Finanzierung

Deutsche fürchten trotz niedriger Zinsen Kreditbelastung beim Immobilienkauf

Viele Deutsche halten sich mit dem Immobilienkauf zurück. Nach einer Online-Studie des Baugeldvermittlers HypothekenDiscount unter 1000 Befragten gibt es zwischen den Bundesländern aber deutliche Unterschiede.

So geben 59 Prozent der Thüringer an, aus Sorge vor einem Jobverlust keinen Immobilienkauf zu erwägen. In Rheinland-Pfalz sehen dies nur 31 Prozent so, in Bayern 35 Prozent und in Baden-Württemberg 38 Prozent.

Deutschlandweit betrachtet ist die Angst vor dem Jobverlust nicht mehr die Hauptursache, keine Immobilie zu kaufen. Während 2010 noch 57 Prozent der Deutschen aus Angst um ihren Arbeitsplatz zögerten, einen Immobilienkredit aufzunehmen, sind es 2011 nur noch 35 Prozent der Befragten. Aus Sorge vor einer möglichen Scheidung leben deutschlandweit laut Studie knapp sieben Prozent lieber zur Miete als im Wohneigentum. In Sachsen traut man dem Ehefrieden am wenigsten. Während dort 15 Prozent eine mögliche Scheidung als Grund gegen den Eigentumserwerb angeben, sind es in Baden-Württemberg und Brandenburg je drei Prozent und in Berlin und Hessen nur vier Prozent.

Der Top-Hinderungsgrund, keine Immobilie zu erwerben, ist die befürchtete Kreditbelastung.
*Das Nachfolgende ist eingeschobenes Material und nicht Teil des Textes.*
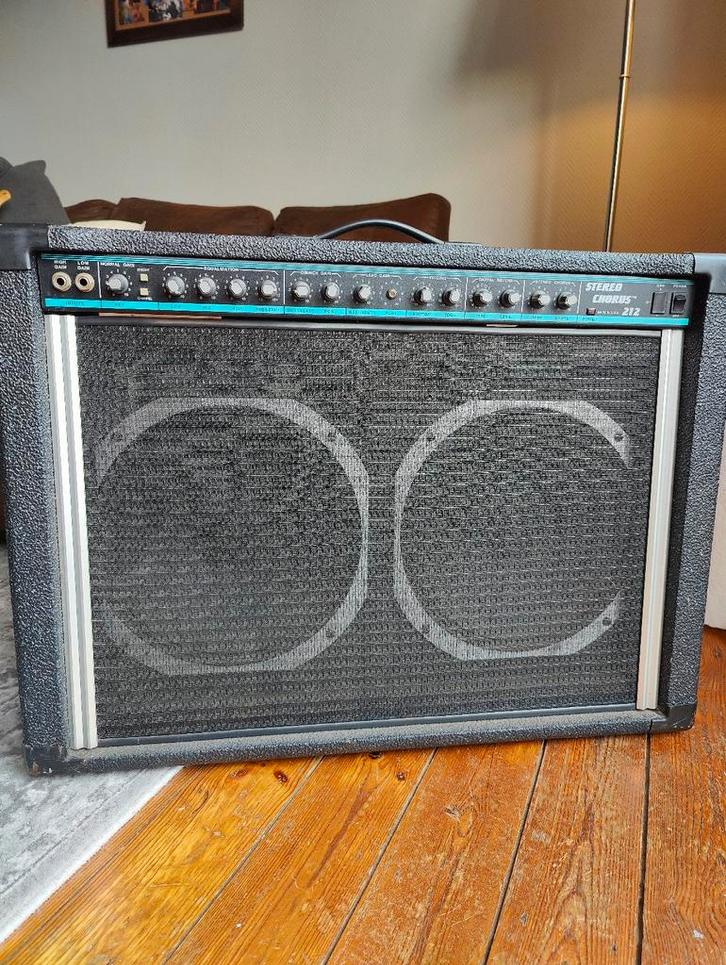 Peavey stereo chorus 212, Musique & Instruments, Amplis | Basse & Guitare, Enlèvement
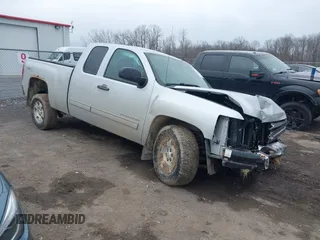 2013 Chevrolet Silverado 1500 LT with VIN 1GCRKSE72DZ239246, listed as a IAAI auction lot 41995553 with 190,290 mi miles and . Bid and sale history available at DreamBid. Image 1.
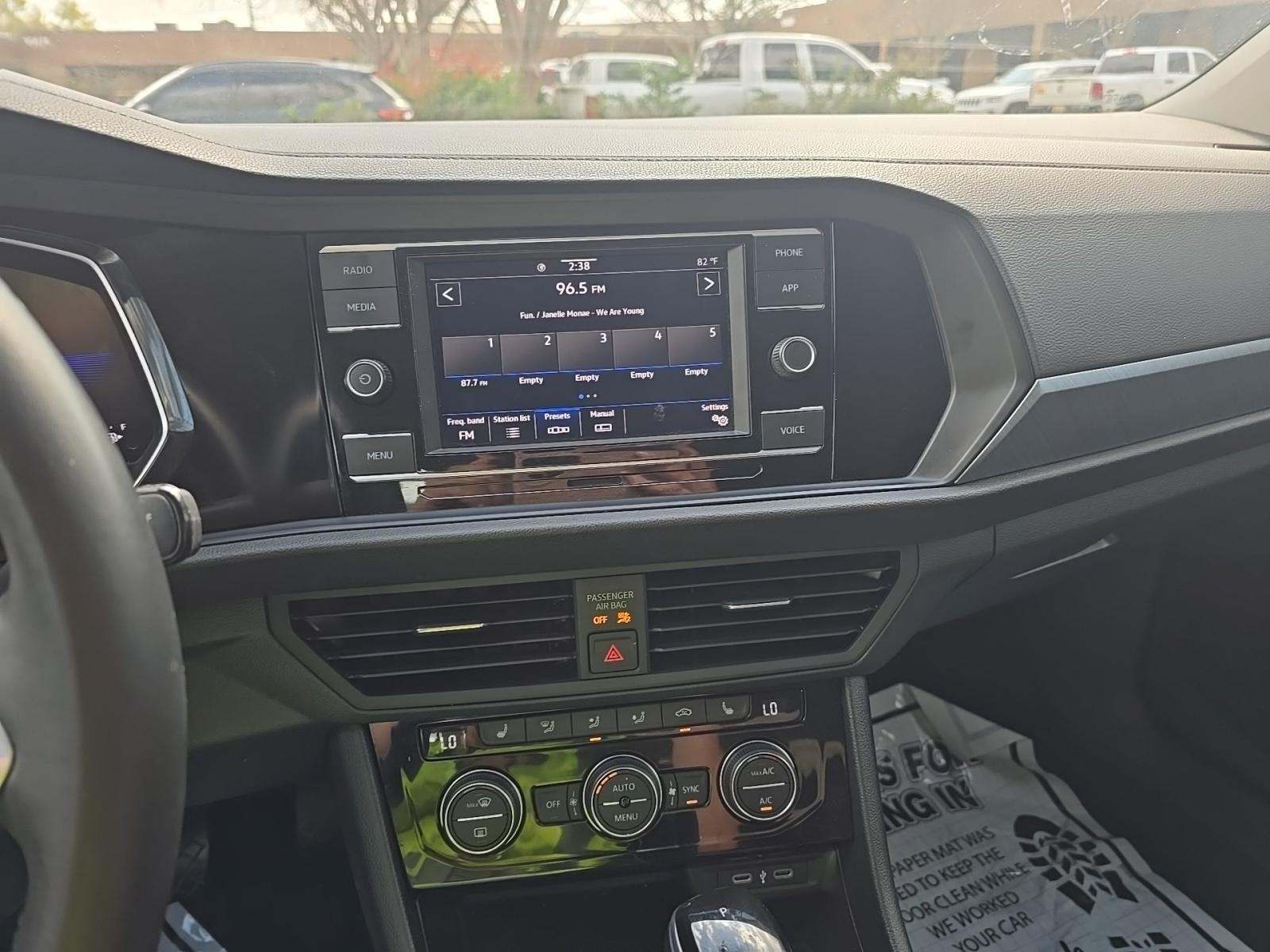 2024 Volkswagen Jetta 1.5T SE FWD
Eine hohe finanzielle Belastung durch ein Darlehen schreckt rund 50 Prozent aller Befragten ab. "Diese Sorge ist jedoch in diesen Monaten eher unbegründet" sagt Kai Oppel von HypothekenDiscount mit Blick auf die Zinsen für Immobilienkredite, die wegen der Euro-Krise aktuell zwischen drei und vier Prozent liegen.